Jacob Zuma, South Africa's president: the courts have delivered two high-profile judgments against his government © AFP

Sub-Saharan Africa’s voice on the global stage has been at its strongest over the past two decades when its two most powerful players have worked in concert. However, nearly ten years of deteriorating relations have seen the foundations for collective action — laid by Thabo Mbeki, the prickly intellectual who succeeded Nelson Mandela as South African head of state, and Olusegun Obasanjo, the gruff former military ruler elected as Nigeria’s civilian leader in 1999 — all but destroyed.

The men had a shared history dating back to the late 1970s when Nigeria was among the most generous and outspoken of African states supporting African National Congress exiles in their struggle against apartheid.

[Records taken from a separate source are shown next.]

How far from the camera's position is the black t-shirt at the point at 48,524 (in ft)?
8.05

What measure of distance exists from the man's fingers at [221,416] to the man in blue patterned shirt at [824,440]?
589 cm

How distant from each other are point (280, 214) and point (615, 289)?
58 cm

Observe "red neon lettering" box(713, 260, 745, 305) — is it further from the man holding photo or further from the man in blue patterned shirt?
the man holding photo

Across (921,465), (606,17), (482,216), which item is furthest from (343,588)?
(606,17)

In power, they formed a formidable axis, making full use of international connections to map out a collaborative approach to the continent’s economic and political future. Sadly, the work they did has been squandered by their successors. More often than not in recent times the two countries have found themselves on opposing sides of continental fracas.

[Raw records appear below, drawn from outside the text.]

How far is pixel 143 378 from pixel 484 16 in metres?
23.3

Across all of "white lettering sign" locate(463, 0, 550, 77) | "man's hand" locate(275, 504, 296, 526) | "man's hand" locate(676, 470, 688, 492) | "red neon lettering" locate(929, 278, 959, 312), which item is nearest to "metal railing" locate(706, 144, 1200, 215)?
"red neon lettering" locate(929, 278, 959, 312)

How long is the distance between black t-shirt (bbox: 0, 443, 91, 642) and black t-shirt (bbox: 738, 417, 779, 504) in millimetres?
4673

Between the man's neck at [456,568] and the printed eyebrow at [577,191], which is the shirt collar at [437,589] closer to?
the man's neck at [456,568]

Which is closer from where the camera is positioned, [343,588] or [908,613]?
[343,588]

Relations have reached a new low in the past ten days when anti-immigrant mobs have singled out Nigerians in a wave of xenophobia sweeping South Africa. Protesters in Abuja retaliated last Thursday by attacking and looting the west African headquarters of MTN, South Africa’s flagship mobile telephone operator. One Nigerian student group is demanding that all South African businesses close and leave.

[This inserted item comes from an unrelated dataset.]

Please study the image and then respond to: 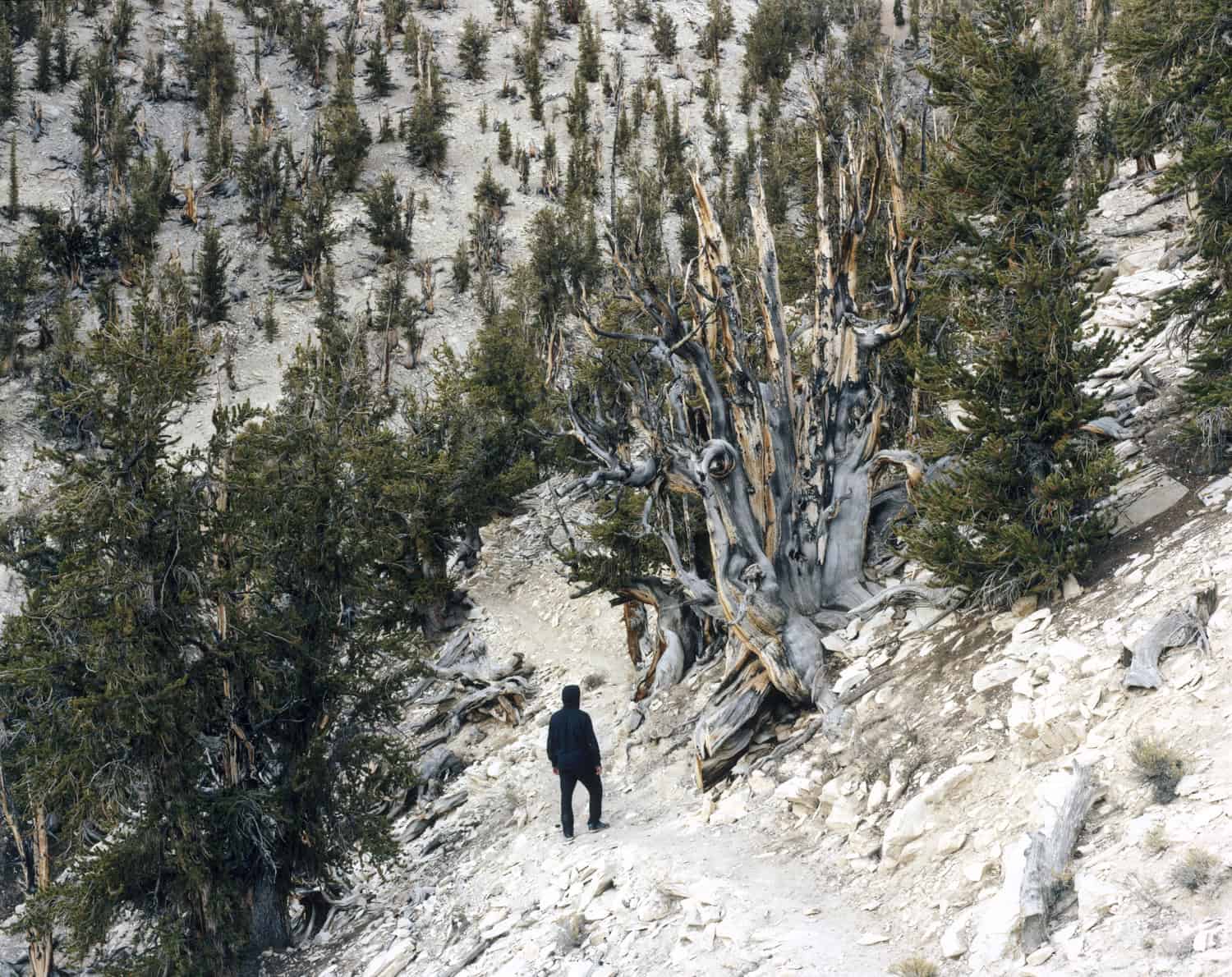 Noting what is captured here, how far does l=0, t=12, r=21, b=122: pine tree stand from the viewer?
3409 cm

There is a risk of an escalation, one which would damage bilateral commercial ties and weaken Africa’s capacity for influence at a time when uncertainty elsewhere has pushed the continent’s priorities near to the bottom of the global agenda. A great majority of Nigerians and South Africans have no cause for mutual enmity but it would be foolish for the governments to ignore virulent voices on the fringe.

Disturbingly in Pretoria, South African First, a political movement with a xenophobic agenda, was registered in December. It may not get far in elections initially but its message has resonance in poorer townships, where black South Africans rail against other Africans — from Zimbabwe, Nigeria, Somalia and Mozambique — who have often proved successful in their communities. The party blames foreigners for crime, wants to drive them out of the country and preserve scant economic opportunities for South Africans.

The response in Nigeria may be largely reactive but it should nonetheless ring alarm bells in Pretoria. The continent’s most populous nation is a vital market for South African hotels, banks, technology companies and supermarkets. More than 100 companies have invested there, bringing with them jobs and know-how. Nonetheless Nigerians resent the profits these companies export back home, exemplified by a senate investigation into alleged transfer pricing by MTN.

Between them, South Africa and Nigeria make up about half of Africa’s overall economic output. Their commercial interests are mostly complementary. It would be a tragedy if they succumbed to the nationalist rhetoric infecting and weakening the developed world.

Both governments face domestic crises exploitable by populists. They have a shared interest in putting out the bush fires as quickly as possible. That means stamping on intolerance and working hard to remind their respective publics of a shared history of which they can be proud.

Africa has enough pressing challenges without its most powerful nations fighting by proxy on the streets.